Doch es führe dazu, dass man künftig Tempo-50-Zonen explizit begründen müsse, wenn diese sinnvoll seien. Eine Möglichkeit sehe sie in Strassen, die für den Durchgangsverkehr benötigt würden. «Aber nicht mehr», sagt Christ.
Die GLP-Nationalrätin findet, Tempo-30 in der Stadt habe viele Vorteile – doch nicht generell auf allen Strassen. «Navis oder Karten-Apps empfehlen jeweils die streckenmässig kürzeste Route, die wohl grossteils auch durch Quartierstrassen führen würde. Das ist nicht zielführend und kann nicht in unserem Sinne sein», sagt Christ. Für sie sei es wichtig, dass man genau definiert, wo es welche Tempobeschränkung benötige.

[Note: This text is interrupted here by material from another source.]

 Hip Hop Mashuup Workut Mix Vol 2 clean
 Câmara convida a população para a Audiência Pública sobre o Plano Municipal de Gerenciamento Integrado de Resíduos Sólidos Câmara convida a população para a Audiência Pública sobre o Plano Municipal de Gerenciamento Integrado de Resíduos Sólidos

Das ist in etwa auch der einzige Punkt, bei dem SVP-Nationalrat Walter Wobmann den anderen beiden Politikern zustimmen kann. Wobmann ist Präsident des Verbands zur Föderation der Motorradfahrer der Schweiz (FMS). Gegenüber watson sagt er: «Wenn aus Sicherheitsgründen eine Tempo-30-Zone nötig ist, weil dort beispielsweise viele Kinder sind oder ein Spital in der Nähe ist, dann braucht es das. Bereits heute kann man in diesen Fällen vereinfacht die Geschwindigkeitsbegrenzung einführen.» Aber: «Es kann nicht sein, dass Tempo 30 zur neuen Norm erklärt werden soll und das auch noch auf die Hauptstrassen auszuweiten.»
Für Wobmann ist klar, dass es den Befürwortern nicht um «weniger Lärm oder mehr Sicherheit» gehe. «Es geht bei solchen Forderungen darum, den motorisierten Individualverkehr aus den Städten zu drängen. Dann schieben sie den Lärm als Argument vor, obwohl die Fahrzeuge immer leiser werden, auch dank Elektroautos», erklärt der Nationalrat. Dieses Signal sei schon länger in den Städten spürbar durch den Abbau von Parkplätzen und den Rückbau von Fahrspuren, um Velowege auszubauen. Dagegen werde er sich mit den Verbänden vehement wehren.
Der SVP-Politiker nennt auch ein anderes Argument gegen eine Geschwindigkeitsbegrenzung: «Wenn Fahrzeuge langsamer fahren müssen, sind sie länger auf der Strasse unterwegs und die Menschen machen auch wieder mehr Umwege, um ans Ziel zu kommen – was der Umwelt schadet. Die Forderungen sind also umweltmässig völliger Stumpfsinn.»
Darüber staunt der Luzerner Grüne-Stadtrat und SKM-Präsidenten Adrian Borgula. «Diese Behauptung ist natürlich nicht haltbar», sagt er. Wenn mehr Tempo 30 gelte, dann würde man «gleichmässiger fahren können, was auch weniger Treibstoff verbrauche». Zudem hänge der Verbrauch und damit die Umweltbelastung auch hauptsächlich vom individuellen Fahrverhalten ab, ob man etwa hochtourig und ruckartig fahre oder nicht. Borgula sagt: «Ich bin auch immer kritisch, wenn die SVP mit Umweltschutz argumentiert. Denn das grösste Potenzial liegt in der Umweltpolitik gerade darin, Fahrten zu vermeiden, auf den öffentlichen Verkehr zu verlegen oder sich zu Fuss oder mit dem Velo fortzubewegen – doch darum geht es nicht.»
Abgesehen davon gewinnt man mit Tempo 50 in einer Stadt kaum Zeit, da die nächste Kreuzung nur wenige Meter entfernt ist. Das wird jeweils beschleunigt und dann wieder abgebremst. Völlig unsinnig.